*** Dataset extract
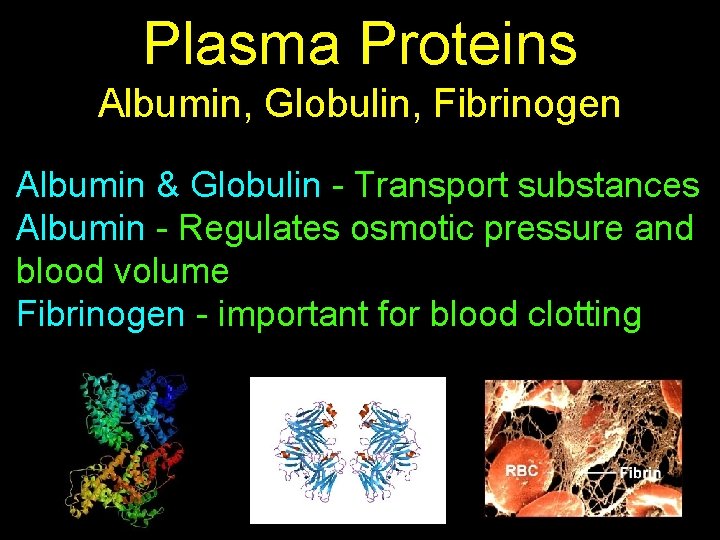 Plasma Proteins Albumin, Globulin, Fibrinogen Albumin & Globulin - Transport substances Albumin - Regulates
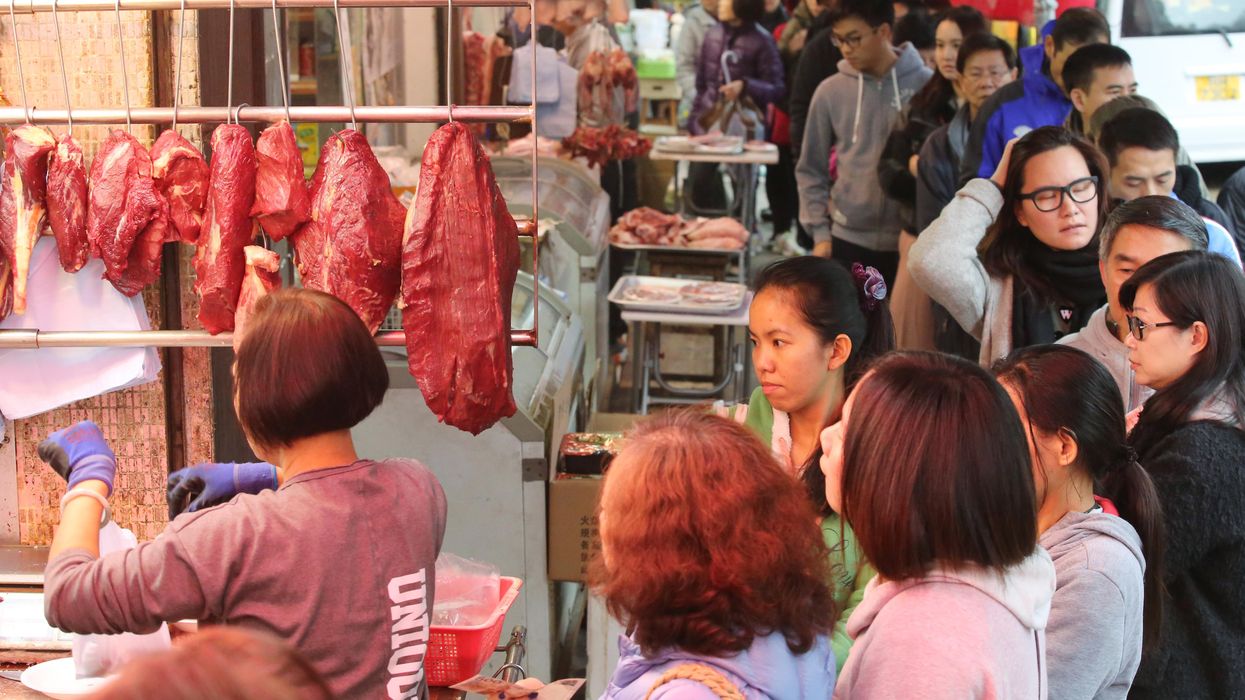 What Barry Commoner's Four Principles of Ecology Has to Do With China's Coronavirus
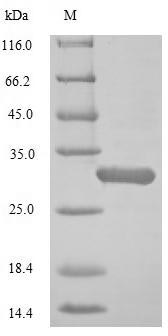 Greater than 85% as determined by SDS-PAGE.Recombinant Human Oxytocin-Neurophysin 1 (OXT) Protein (His-sumostar)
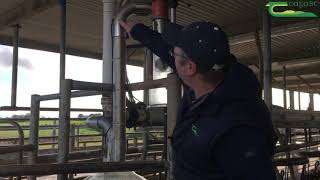 Reducing Thermoduric Bacteria in Milk Part 1 [upl. by Tedda]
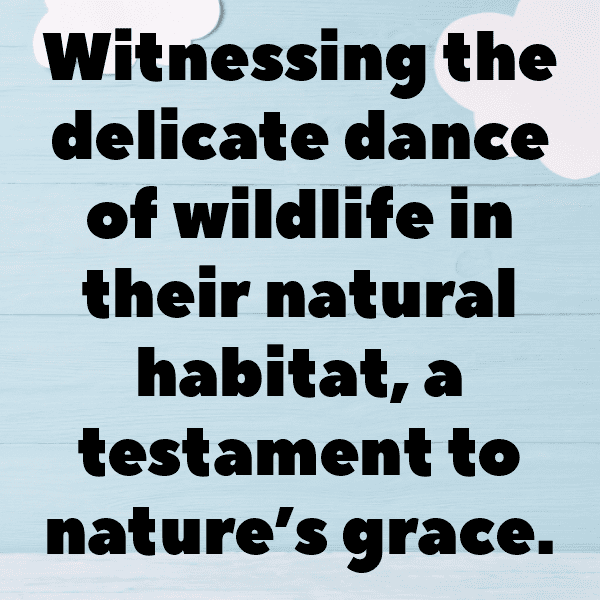 275+ Nature Escape Captions for Instagram (Short, Trending & Viral) 11 Nature Escape Captions Image for Instagram-aptwwt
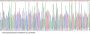 Mouse Interleukin 10 (IL10) Protein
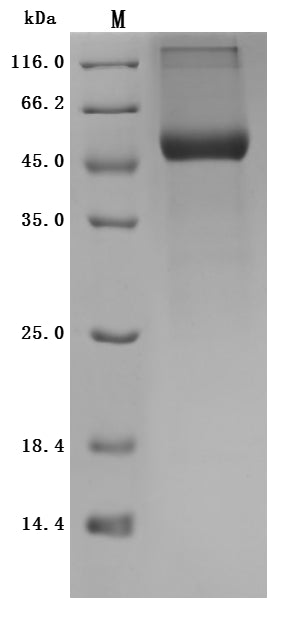 Greater than 90% as determined by SDS-PAGE.Recombinant Mouse Retinol-Binding Protein 4 (RBP4) Protein (hFc), Active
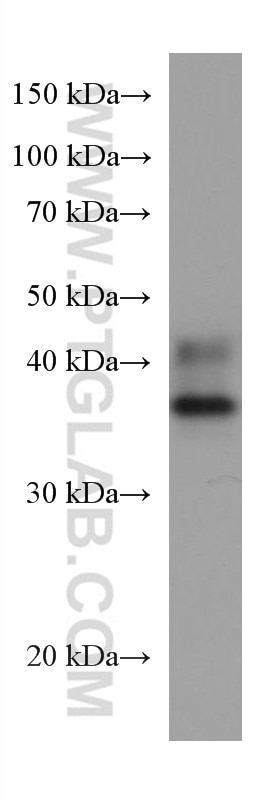 Western Blot (WB) analysis of HepG2 cells using ATP1B3 Monoclonal antibody (67554-1-Ig)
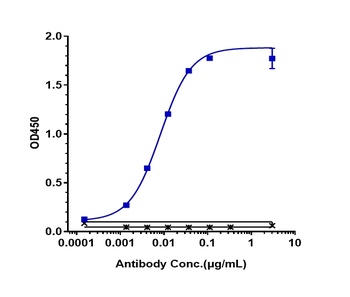 Anti-ERBB2 / HER2 / CD340 Reference Antibody (trastuzumab-MMAE)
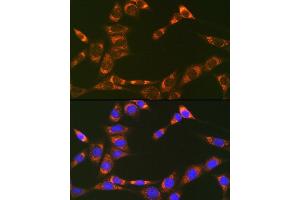 Immunofluorescence analysis of NIH-3T3 cells using Prohibitin 2 (Prohibitin 2 (PHB2)) Rabbit mAb (ABIN7269545) at dilution of 1:100 (40x lens). (Prohibitin 2 anticorps)
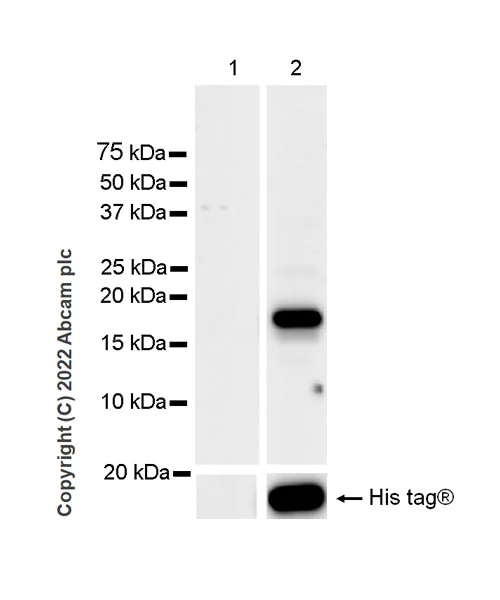 Western blot - Anti-Cystatin D antibody [EPR25935-47] (AB305062)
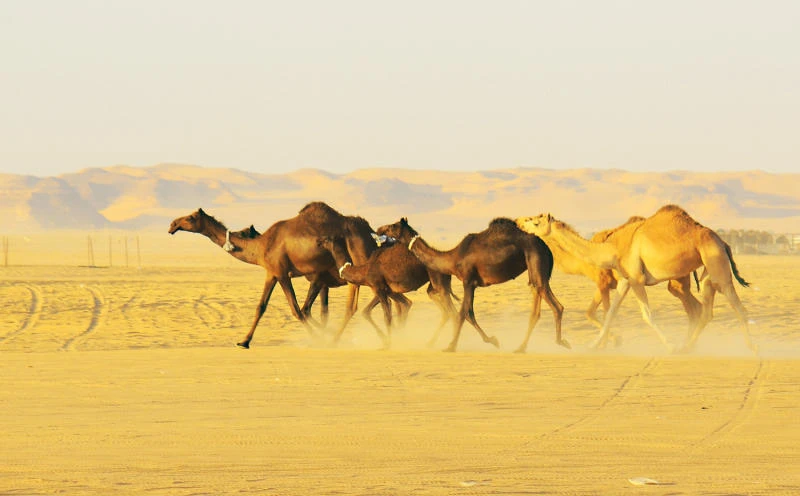 Camel from Jeddah tests positive for MERS virus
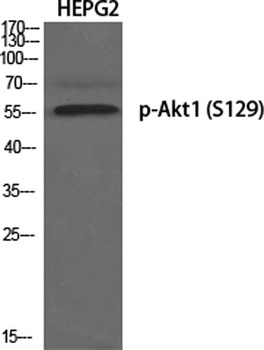 Akt1 (phospho Ser129) rabbit pAb Antibody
******
◆ **What to do**: Among the entries above, locate the line with "Greater than 90%" and the line with "Immunofluorescence analysis of". Give those two lines and all lines between them again, exactly, leaving out the pictures.

◆ **Expected answer**:
 Greater than 90% as determined by SDS-PAGE.Recombinant Mouse Retinol-Binding Protein 4 (RBP4) Protein (hFc), Active
 Western Blot (WB) analysis of HepG2 cells using ATP1B3 Monoclonal antibody (67554-1-Ig)
 Anti-ERBB2 / HER2 / CD340 Reference Antibody (trastuzumab-MMAE)
 Immunofluorescence analysis of NIH-3T3 cells using Prohibitin 2 (Prohibitin 2 (PHB2)) Rabbit mAb (ABIN7269545) at dilution of 1:100 (40x lens). (Prohibitin 2 anticorps)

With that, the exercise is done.